I have a soft spot in my heart for the Cisco Kid TV series, for one specific reason. An episode of it was the first thing I ever watched on a color TV that belonged to my family when I was a kid. When I was growing up, we probably had more TV sets than most households in the early Sixties, because my father was a TV repairman and we always had several portables around in addition to the big console in the living room. But they were all black-and-white sets. There weren't enough shows being broadcast in color to make buying a color set worthwhile, according to my dad. But some relatives of ours had one, and I always wanted to go visit them so that I could sit in front of the set and stare in rapt fascination at BONANZA or THE WONDERFUL WORLD OF DISNEY in color. It was the most amazing thing I had ever seen.

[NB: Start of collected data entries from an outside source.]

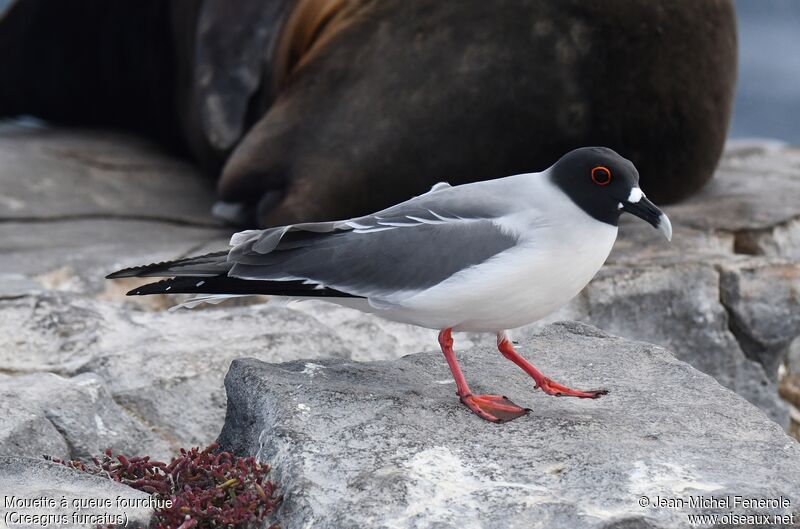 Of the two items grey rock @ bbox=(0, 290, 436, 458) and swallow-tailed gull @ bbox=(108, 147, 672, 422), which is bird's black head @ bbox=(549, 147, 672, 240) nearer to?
swallow-tailed gull @ bbox=(108, 147, 672, 422)

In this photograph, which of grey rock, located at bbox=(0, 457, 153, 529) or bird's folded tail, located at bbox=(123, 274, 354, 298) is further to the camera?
bird's folded tail, located at bbox=(123, 274, 354, 298)

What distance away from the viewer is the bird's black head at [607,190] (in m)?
2.52

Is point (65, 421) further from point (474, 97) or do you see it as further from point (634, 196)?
point (474, 97)

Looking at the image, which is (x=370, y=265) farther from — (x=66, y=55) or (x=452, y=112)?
(x=66, y=55)

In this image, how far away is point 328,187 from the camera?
4.82 m

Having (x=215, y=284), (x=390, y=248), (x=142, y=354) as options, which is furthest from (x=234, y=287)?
(x=142, y=354)

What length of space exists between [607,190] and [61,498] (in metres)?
1.23

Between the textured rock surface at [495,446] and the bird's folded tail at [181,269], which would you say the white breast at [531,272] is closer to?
the textured rock surface at [495,446]

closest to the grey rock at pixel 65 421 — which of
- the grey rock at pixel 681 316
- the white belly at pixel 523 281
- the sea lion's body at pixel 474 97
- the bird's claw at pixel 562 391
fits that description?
the white belly at pixel 523 281

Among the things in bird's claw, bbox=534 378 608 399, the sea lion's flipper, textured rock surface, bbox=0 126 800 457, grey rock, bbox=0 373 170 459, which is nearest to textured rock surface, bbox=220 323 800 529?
bird's claw, bbox=534 378 608 399

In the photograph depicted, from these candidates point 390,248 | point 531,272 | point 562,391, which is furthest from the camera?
point 562,391

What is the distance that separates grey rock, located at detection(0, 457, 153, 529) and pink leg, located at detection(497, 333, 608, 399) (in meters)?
0.89

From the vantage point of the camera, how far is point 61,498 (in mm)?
2271

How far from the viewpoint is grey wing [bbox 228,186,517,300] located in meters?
2.55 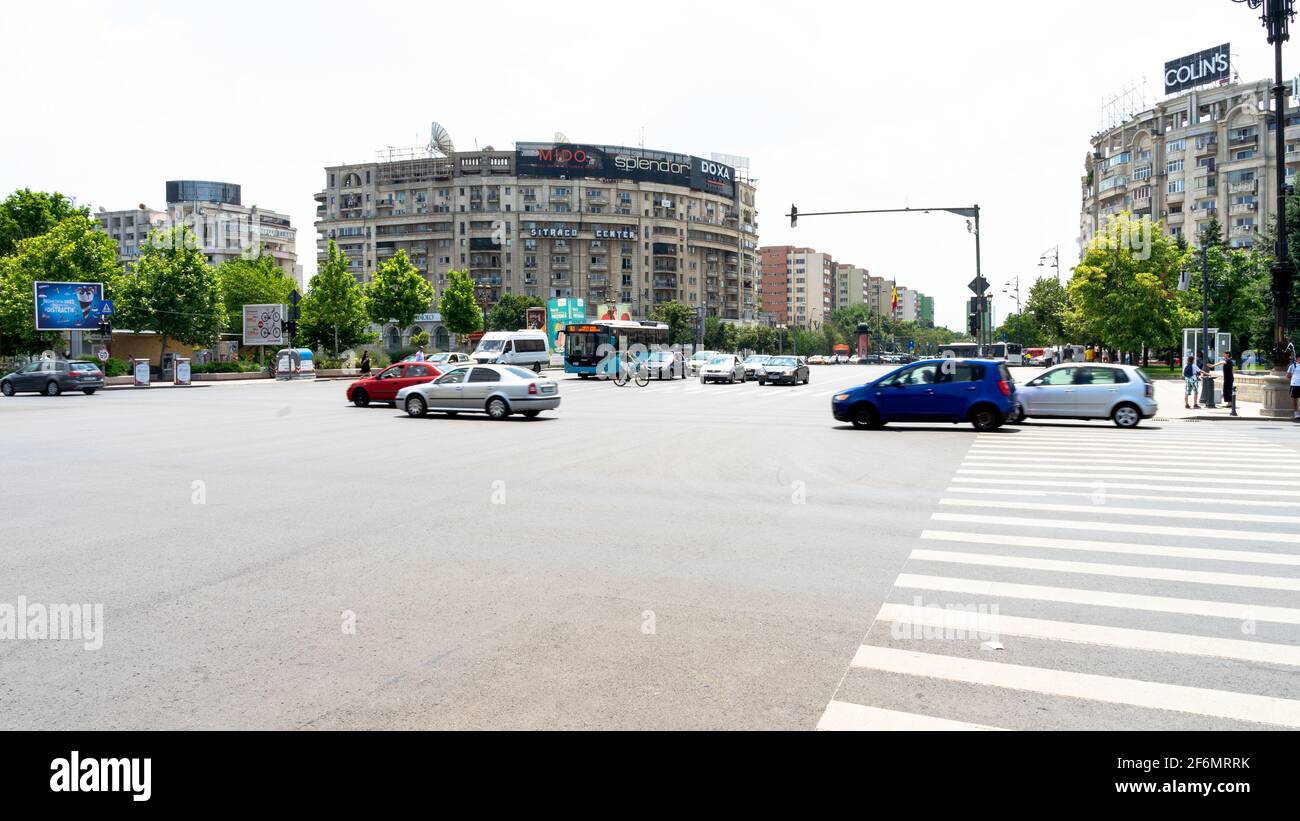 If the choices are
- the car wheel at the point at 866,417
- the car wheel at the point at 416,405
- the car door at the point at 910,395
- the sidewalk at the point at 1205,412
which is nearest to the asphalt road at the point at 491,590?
the car door at the point at 910,395

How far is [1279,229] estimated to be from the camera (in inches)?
955

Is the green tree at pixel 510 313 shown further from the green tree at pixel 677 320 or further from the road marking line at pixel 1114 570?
the road marking line at pixel 1114 570

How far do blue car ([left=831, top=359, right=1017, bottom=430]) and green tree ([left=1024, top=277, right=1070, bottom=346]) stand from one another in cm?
5989

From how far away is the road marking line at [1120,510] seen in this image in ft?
32.8

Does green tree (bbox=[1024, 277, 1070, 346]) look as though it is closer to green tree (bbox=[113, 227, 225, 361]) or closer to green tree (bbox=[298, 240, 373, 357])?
green tree (bbox=[298, 240, 373, 357])

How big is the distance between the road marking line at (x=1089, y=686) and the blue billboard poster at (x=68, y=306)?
59558 millimetres

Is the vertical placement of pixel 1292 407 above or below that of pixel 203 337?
below

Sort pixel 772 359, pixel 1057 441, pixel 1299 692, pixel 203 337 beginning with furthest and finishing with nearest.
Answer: pixel 203 337
pixel 772 359
pixel 1057 441
pixel 1299 692

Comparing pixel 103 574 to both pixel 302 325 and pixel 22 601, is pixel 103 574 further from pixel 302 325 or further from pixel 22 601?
pixel 302 325

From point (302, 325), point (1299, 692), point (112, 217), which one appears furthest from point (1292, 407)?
point (112, 217)

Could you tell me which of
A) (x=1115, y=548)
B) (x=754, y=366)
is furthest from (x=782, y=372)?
(x=1115, y=548) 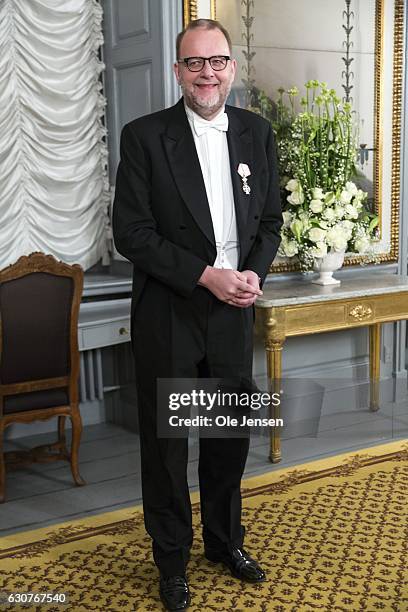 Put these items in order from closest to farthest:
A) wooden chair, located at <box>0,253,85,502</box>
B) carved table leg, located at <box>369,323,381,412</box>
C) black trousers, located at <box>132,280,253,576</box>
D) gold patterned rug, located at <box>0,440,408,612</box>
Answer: black trousers, located at <box>132,280,253,576</box>, gold patterned rug, located at <box>0,440,408,612</box>, wooden chair, located at <box>0,253,85,502</box>, carved table leg, located at <box>369,323,381,412</box>

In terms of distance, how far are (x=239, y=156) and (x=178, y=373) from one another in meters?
0.73

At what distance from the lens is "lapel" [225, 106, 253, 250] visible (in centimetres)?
256

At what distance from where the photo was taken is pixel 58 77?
14.6 feet

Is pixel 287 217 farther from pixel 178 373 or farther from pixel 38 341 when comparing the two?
pixel 178 373

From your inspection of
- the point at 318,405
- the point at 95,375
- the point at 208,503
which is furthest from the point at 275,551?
the point at 95,375

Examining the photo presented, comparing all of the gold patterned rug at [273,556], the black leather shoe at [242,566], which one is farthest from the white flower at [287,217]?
the black leather shoe at [242,566]

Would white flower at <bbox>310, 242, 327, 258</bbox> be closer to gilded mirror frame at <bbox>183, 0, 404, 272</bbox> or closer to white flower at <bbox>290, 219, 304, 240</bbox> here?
white flower at <bbox>290, 219, 304, 240</bbox>

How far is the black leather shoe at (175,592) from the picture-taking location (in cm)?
257

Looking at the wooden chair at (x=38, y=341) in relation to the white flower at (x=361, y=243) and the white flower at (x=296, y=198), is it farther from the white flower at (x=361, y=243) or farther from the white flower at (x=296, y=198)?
the white flower at (x=361, y=243)

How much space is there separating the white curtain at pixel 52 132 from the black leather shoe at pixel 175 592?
7.66 ft

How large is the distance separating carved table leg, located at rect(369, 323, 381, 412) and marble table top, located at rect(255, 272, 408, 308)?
35 centimetres

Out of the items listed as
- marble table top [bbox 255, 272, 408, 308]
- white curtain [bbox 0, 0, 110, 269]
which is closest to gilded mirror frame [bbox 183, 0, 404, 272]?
marble table top [bbox 255, 272, 408, 308]

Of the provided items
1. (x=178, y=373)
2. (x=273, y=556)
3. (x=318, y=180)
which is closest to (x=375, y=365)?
(x=318, y=180)

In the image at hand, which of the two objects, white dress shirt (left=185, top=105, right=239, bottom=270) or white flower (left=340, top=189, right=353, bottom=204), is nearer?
white dress shirt (left=185, top=105, right=239, bottom=270) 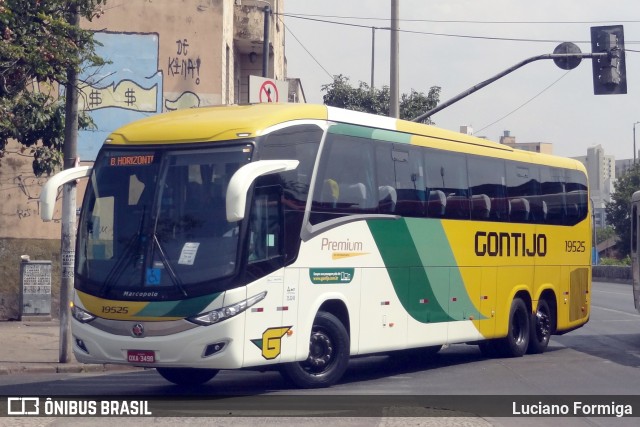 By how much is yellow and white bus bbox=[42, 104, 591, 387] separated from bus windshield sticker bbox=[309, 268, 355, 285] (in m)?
0.03

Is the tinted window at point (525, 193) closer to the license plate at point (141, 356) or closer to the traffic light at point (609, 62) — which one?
the traffic light at point (609, 62)

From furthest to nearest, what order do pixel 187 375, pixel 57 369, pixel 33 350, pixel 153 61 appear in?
pixel 153 61 → pixel 33 350 → pixel 57 369 → pixel 187 375

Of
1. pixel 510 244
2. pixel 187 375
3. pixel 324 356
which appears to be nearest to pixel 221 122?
pixel 324 356

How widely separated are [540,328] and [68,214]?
863cm

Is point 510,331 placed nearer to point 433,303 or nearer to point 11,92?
point 433,303

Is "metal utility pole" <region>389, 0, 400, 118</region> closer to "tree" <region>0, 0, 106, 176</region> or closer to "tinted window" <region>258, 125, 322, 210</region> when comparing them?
"tree" <region>0, 0, 106, 176</region>

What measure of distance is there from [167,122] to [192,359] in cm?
302

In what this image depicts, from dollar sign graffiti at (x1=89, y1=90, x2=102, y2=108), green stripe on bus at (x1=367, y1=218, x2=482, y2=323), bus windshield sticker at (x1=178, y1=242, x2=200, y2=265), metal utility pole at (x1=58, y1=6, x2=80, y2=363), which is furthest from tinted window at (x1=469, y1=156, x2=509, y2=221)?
dollar sign graffiti at (x1=89, y1=90, x2=102, y2=108)

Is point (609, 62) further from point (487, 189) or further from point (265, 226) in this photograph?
A: point (265, 226)

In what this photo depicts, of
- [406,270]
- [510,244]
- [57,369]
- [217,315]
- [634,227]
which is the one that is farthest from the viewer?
[634,227]

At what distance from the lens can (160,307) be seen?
10.7m

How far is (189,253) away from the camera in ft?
35.4

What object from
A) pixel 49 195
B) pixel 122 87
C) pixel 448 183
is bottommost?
pixel 49 195

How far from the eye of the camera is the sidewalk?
48.9ft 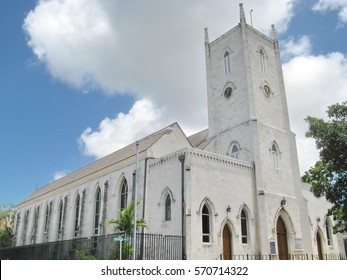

Eventually I made a big enough pest of myself that my dad agreed to get a color TV. The day he was supposed to pick it up, I raced up the street from where the school bus dropped us off, but he wasn't there, and neither was the new TV. I had to wait another couple of hours before he finally got home with it, lugged it in (those old TVs were big and heavy), and set it up. But then it was ready, and when we turned it on, there were Cisco and Pancho, riding the range and chasing bad guys. It was a truly thrilling moment. Later in the evening we watched an episode of DANIEL BOONE, which was new at the time (the Cisco Kid was an old rerun even then), but Cisco was first.
All of which is my long-winded way of saying that I picked up a cheap DVD that has six episodes of THE CISCO KID on it, and recently I watched one of them, the first time I've seen an episode of this series in years, if not decades. Judging by this one, it was money well-spent. The plot was fairly complex, Duncan Renaldo and Leo Carrillo Jr. were very good as Cisco and Pancho, and the color photography, much of it shot on the familiar locations where so many TV and movie westerns were filmed, was quite good for the time period. The accents and some of the jokes were a little heavy-handed and might almost be considered racist today, but I didn't find them mean-spirited at all. Leo Carrillo Jr. was just plain funny as Pancho, but he was also a competent sidekick for Cisco, not buffoonish in his actions. I've always liked sidekicks who can handle themselves in a fistfight or shootout, and you get the sense that Pancho is really a pretty tough guy.
I'm looking forward to watching the other episodes on this DVD, to see if they hold up as well as the first one.